Witches’ Brew

Witches’ Brew

It is a witch’s brew that the policymakers in Washington DC are conjuring up and it is not making things easy for investors or even other policymakers. While the 8 years since the financial crisis were filled with monetary policy band aids  Federal Reserve Governors never had to manage the delicate balancing act of the merger of their monetary policy with fiscal stimulus from the Legislative or Executive branches. Much as they begged for fiscal policy it never arrived. Now with Congress and the Executive branch controlled by the Republican Party, tax reform, deregulation and infrastructure are the current beltway buzzwords.

If you haven’t been keeping up with our Quarterly Letter  it is our current market view that the odds are high and rising that we are going to have some sort of error in monetary and/or fiscal policy. The combination of experimental central bank monetary policy and the Trump administration’s stated goals, if not enacted in concert, raise the risks that something is going to break. Those stated policy goals, while giving the Federal Reserve cover to raise rates, also make the Federal Reserve’s exit from their easy money polices of the last 8 years particularly tricky. To be frank their exit was never going to be easy.

This high wire act by the Federal Reserve entails anticipating the moves of not only the Trump Administration but also the response from Congress to the administration and as we have seen in the last few weeks, predicting Congress’ reaction may be the most difficult part. On March 15th the Federal Reserve chose to raise interest rates as the Trump Train was seemingly rolling down the tracks towards, first, healthcare reform and then quickly on to tax reform. But, only days later, markets were disappointed in the lack of policy movement on the ACA or “Obama Care” as it failed to even make it out of committee. This failure seemingly put the rest of the Trump agenda at risk. Federal Reserve policymakers are very carefully considering the policy that is coming out of the White House and Congress and plan to adjust monetary policy accordingly but they are having a difficult time predicting what will or won’t become law. They are now taking into account fiscal policy in their discussions for the first time in 8 years and predicting what the policymakers in Washington are going to do which is anything but easy money.

Any policy error could resolve itself in one of two ways. If central banks drag their feet and raise rates too slowly then that policy error could continue to incite animal spirits and drive equity valuations even higher, possibly to bubble like valuations. The Fed is also wary of the fact that there is a possibility that if they were to move too quickly they could throw cold water on the recovery especially if Trump’s fiscal and tax objectives get bogged down in the swamp – which we think they already have.  Equity prices could then fall sharply.

So far, it appears that the policymakers at the Federal Reserve are moving too slowly as the animal spirits of the market are winning. In fact, as the Federal Reserve was raising rates on March 15th they reinforced the narrative that they would move slowly with their statement in the press conference afterward. The Fed has been consistent in stating that 2% inflation was a target of theirs. In her latest press conference, Yellen made it clear that the 2% target is a target but not a “ceiling”. Additionally, her comment that the return to 2% inflation should be “sustained” made it clear to the market that the Fed is okay with letting the economy run “a little hot”.  The market took that as an all clear signal to take valuations higher as the Fed made it apparent that they are in no hurry to raise rates and slow this rally down.

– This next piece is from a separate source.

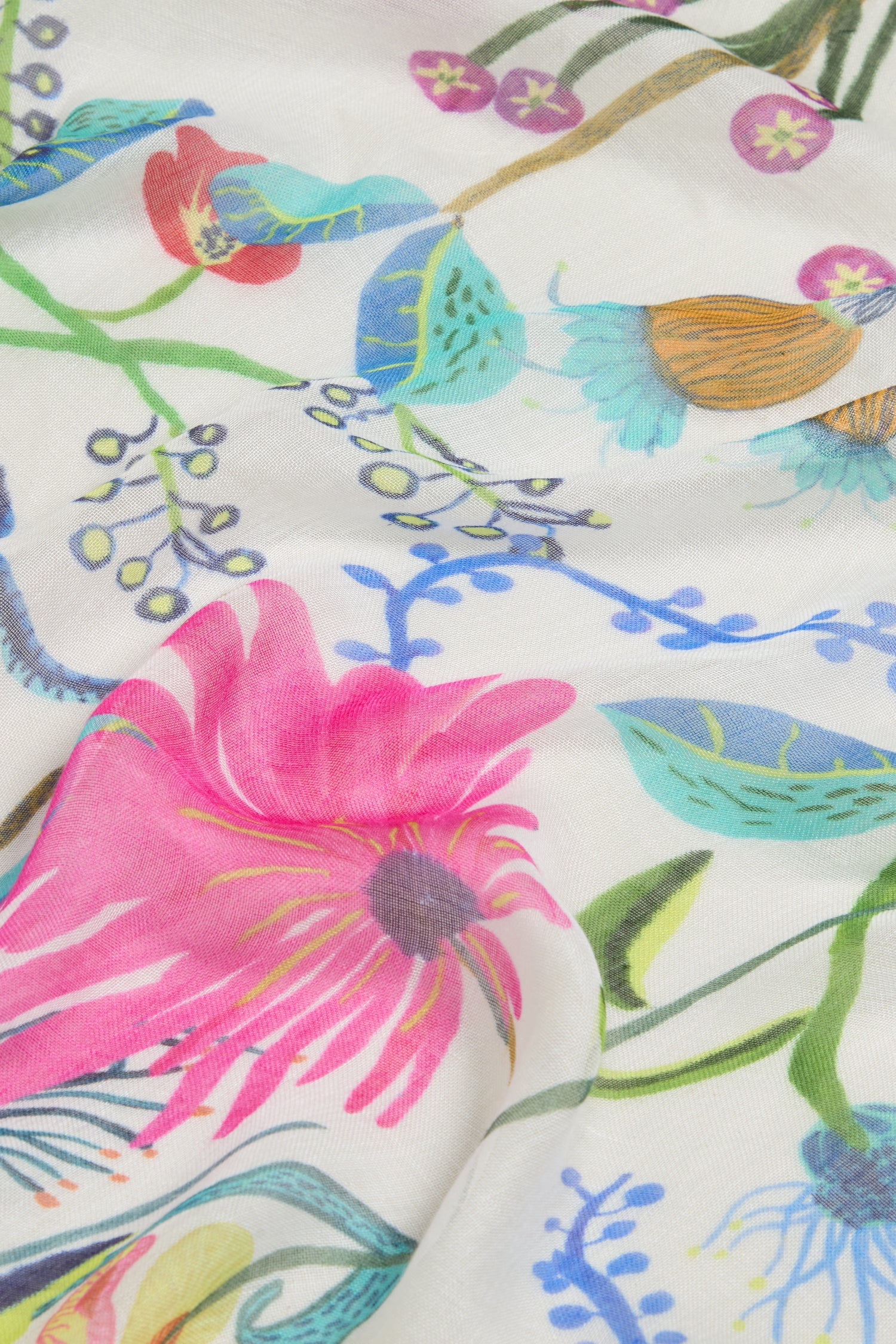 Close-up of the Wild Garden Scarf featuring a vibrant floral pattern with pink, blue, and green flowers on white. This lightweight scarf exudes elegance and charm.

Their statements made it seem as though the Federal Reserve feared a negative market reaction so much that they needed to couch the rate hike with statements to cushion the blow. That reinforced markets feeling that easy money is here to stay and markets turned higher in anticipation of a continuation of the easy money policy that we have seen over the last 8 years.

The market valuations are quite elevated at present time and rising. The possibility of a policy error by the Federal Reserve and/or the Trump Administration only looks to be increasing while increased valuations increase the repercussions of any policy mistake. We have been of the belief that a policy error could set the stage for a substantial rally and then fall ala 1987.

As the market has combined the clamor and excitement over deregulation and tax reform with a slow moving Fed you have room for the Animal Spirits to run as investor euphoria takes hold. A 30% run from the lows before Election Day, much like 1987,  (we are up 12.5% from Election Day as we write) would put us squarely in bubble territory as the S&P 500 would approach the 2750 area. A subsequent 30% retreat would bring us back to the 2000 area. Currently at 2360 on the S&P 500 one can see the potential for misstep by exiting one’s holdings completely and trying to time reentry. One solution is that we dial back risk as we see markets rising and adding risk when the risk premium is more in our favor. We will always make sure that we have the ability to buy when discounts come.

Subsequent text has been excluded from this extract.